Almost anybody who canvassed for either the Yes or No campaigns in the lead in to the referendum will have realised that if the referendum question had been simply “do you want to change the current system?”, the turnout would have been considerably higher and would have resulted in a much bigger Yes vote.
What was also apparent was a deep discontent caused by the perception that too many politicians seemed willing to put their party first and Bristol second. Many of those supporting the move to an elected mayor did so because they hoped that the mayoral system would provide an opportunity to move away from what many saw as party first politics to an approach that encouraged a different type of working that puts Bristol first instead.
As a result, in six months’ time, we will have an elected mayor in Bristol and if there is any reality in the promise of a less party politicised future for the way Bristol will be run then there is a real possibility that instead a cabinet being selected based on which councillors supported the eventual leader, we will have a mayor, with a personal mandate from the electorate, who will be able to select a cabinet based on merit.
Indeed a mayor may even feel empowered to select councillors from outside their own party group. Of course, if the mayor elected is an independent, this latter aspect is a necessity.
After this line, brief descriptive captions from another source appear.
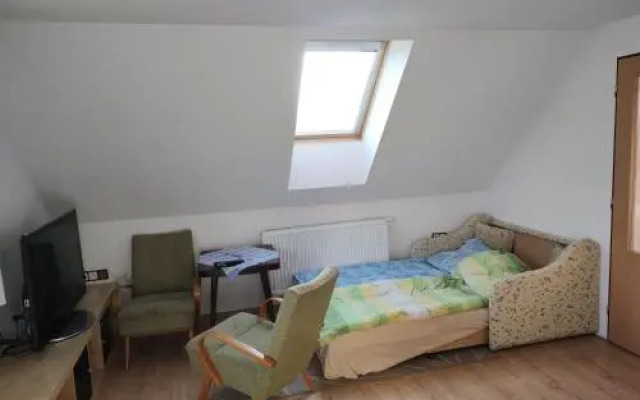 Apartman V Podkrovi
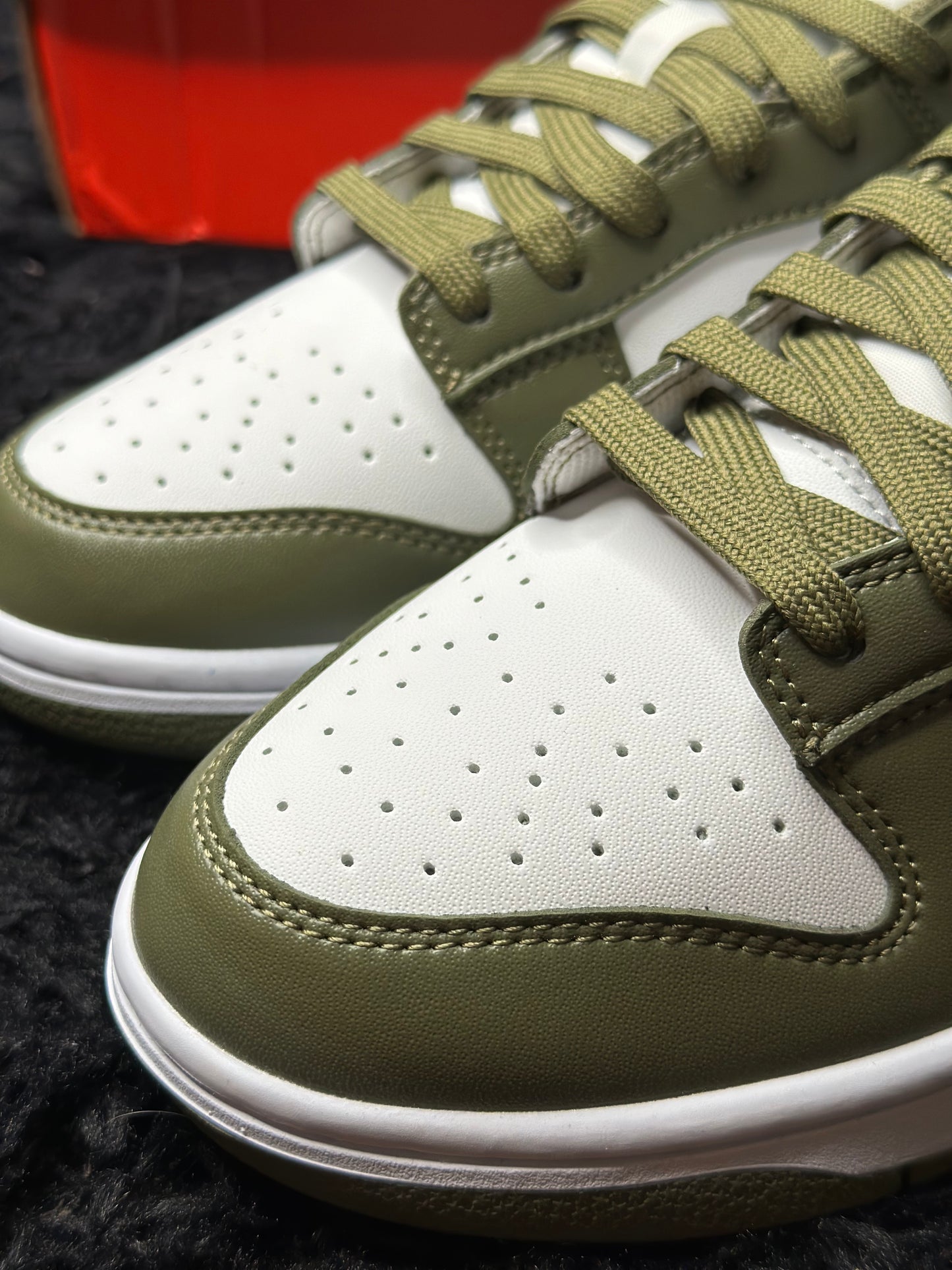 Nike Dunk Low "Medium Olive" (Pronta Entrega)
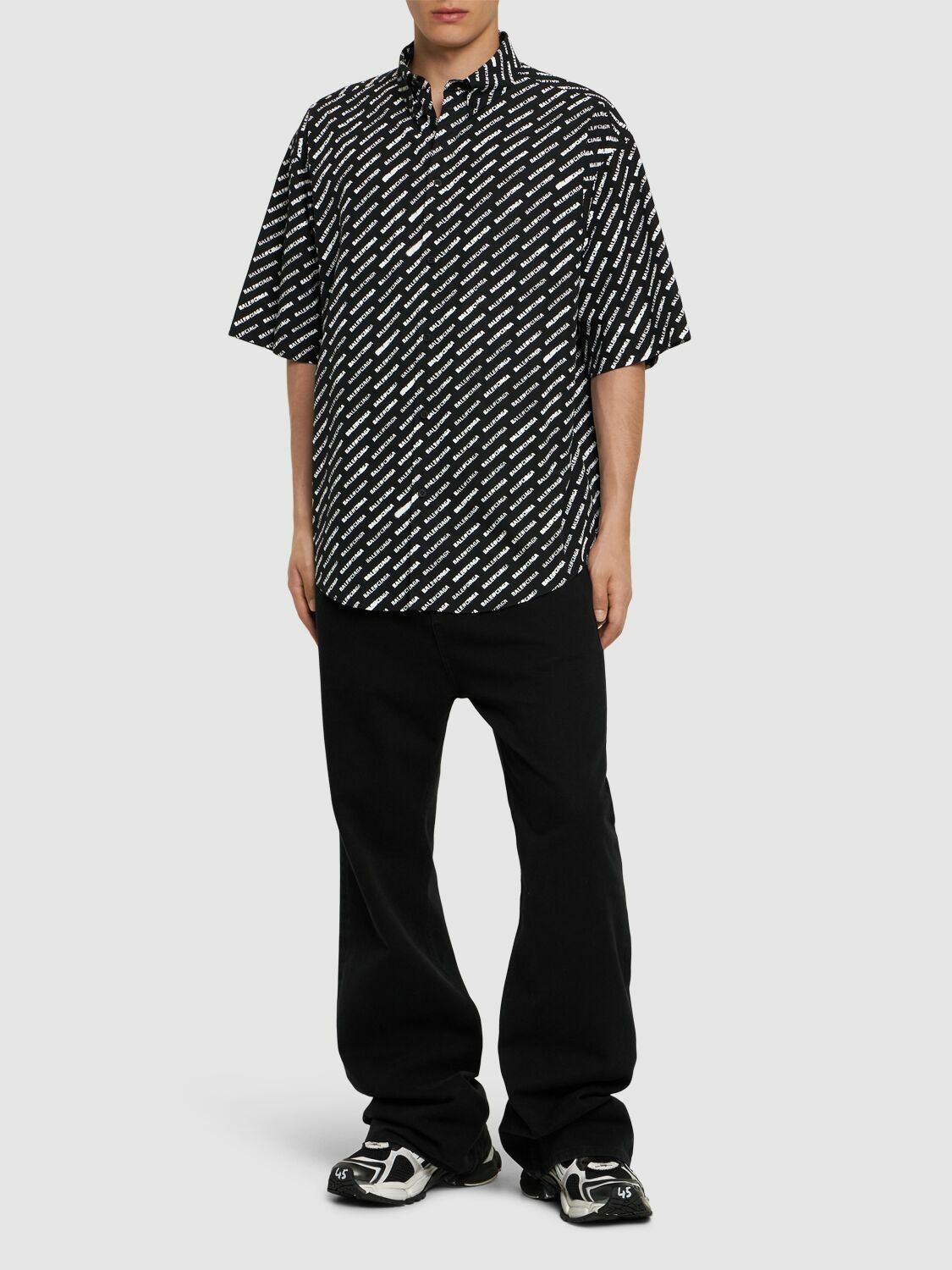 Balenciaga Stencil Large All Over Print Cotton Shirt Size US M / EU 48-50 / 2 - 2 Thumbnail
But rather than waiting six months there is an opportunity now for Bristol’s elected politicians to demonstrate clearly that they can work together for the benefit of the city and its citizens, and at the same time prepare the way for a smooth transition to the mayoral system that has been chosen as the city’s future form of governance.
Following the last set of local elections, cross party working groups were set up to cover key areas of conflict – in particular the sell-off of green spaces. Given the unique situation that Bristol City Council now finds itself, I believe that it is in the best interests of Bristol as a whole to apply a similar technique to the Cabinet that will run the city for the next six months.
A cross-party cabinet with membership proportional to the number of councillors from each party that make-up the council – with numbers assigned using the same basic system that will be used next Tuesday to allocate places to the various committees by which the council run scrutiny, planning, licensing and so on – can demonstrate over the next six months that our local politicians can indeed work together for the greater good.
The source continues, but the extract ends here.